Elipson Music Centre Connect HD All In One System Review
- Comprehensive and effective spec for the price
- Lively and articulate sound
- Well made
- Feels a little bass light
- Some interface quirks
- No HDMI ARC
Introduction - What Is the Music Centre Connect HD?
The Elipson Music Centre Connect HD is an all in one system. Those of you who have been reading AVForums reviews long term will also know it is not a new all in one system either. It has in fact been nearly a decade since this distinctive looking device first hit the UK market. Instead of junking a piece of industrial design that they were clearly very happy with, Elipson opted instead to tweak the feature set of the Music Centre to keep it competitive and relevant.
This is a solid business plan but some of the intervening feature updates have felt a little tacked on. Adding Bluetooth was a savvy decision but the expedient of simply adding a Chromecast Audio to the box, as was the case with the last version of the Music Centre we reviewed, felt like the sort of thing that a company that didn’t have an interface to its name might do. It worked well enough but, in the face of rivals that had an interface built in, it didn’t feel as homogenous.

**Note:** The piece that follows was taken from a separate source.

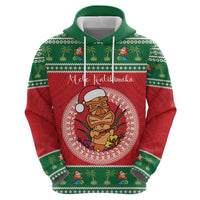 Personalized Hawaii Christmas Zip Hoodie Tiki Santa Mele Kalikimaka LT14 - Polynesian Pride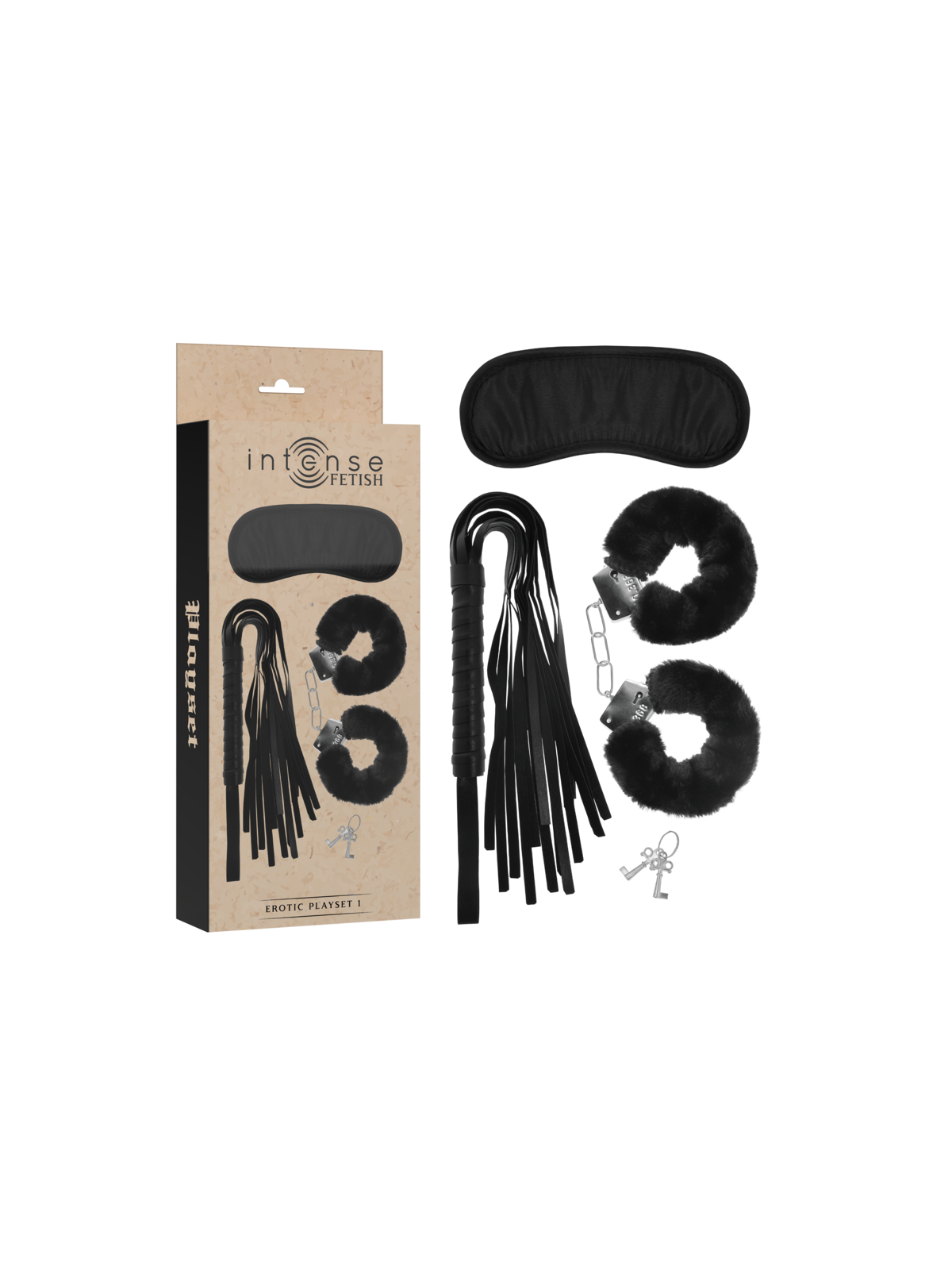 INTENSE - FETISH PLAYSET EROTICO 1 CON MANETTE, MASCHERA CIECA E FLOGGER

The Connect HD is here to correct that. Boasting Elipson’s own interface that we first saw in the W35 wireless speaker, it gives this comparatively venerable design a new lease of life in two areas. First of all, it means that this latest version of the Music Centre can now keep network audio rivals honest and secondly, it gives scope for Elipson to sell you a household’s worth of devices that all communicate with one another. Heading up to a decade in production, does this ensure that the Elipson can still challenge for top honours? Read on to find out.
Specification and Design
Ten years, ago a device that had publicly made the switch to Class D was still relatively unusual. It’s a reflection of the progress that we’ve made in this gently reactionary industry that this is no longer the case. The Music Centre continues to make use of one of the smaller commercially available ICE Power amps that gives it 120 watts into four ohms and an unspecified amount into eight. This is sufficient for the sort of speaker that the Elipson is going to be called on to drive. It’s compact, energy efficient and cool running.
Another feature that continues is worthy of praise too. The Elipson is fitted with a subwoofer out in keeping with most products of this nature but, unlike most of them, it is possible to set a crossover frequency on the Music Centre which can help with integration of a 2.1 system. Given that Elipson continues to sell the Planet M and Planet Sub to undertake this role, it’s in their interest to do so but it’s still something that is not routinely specced on rivals.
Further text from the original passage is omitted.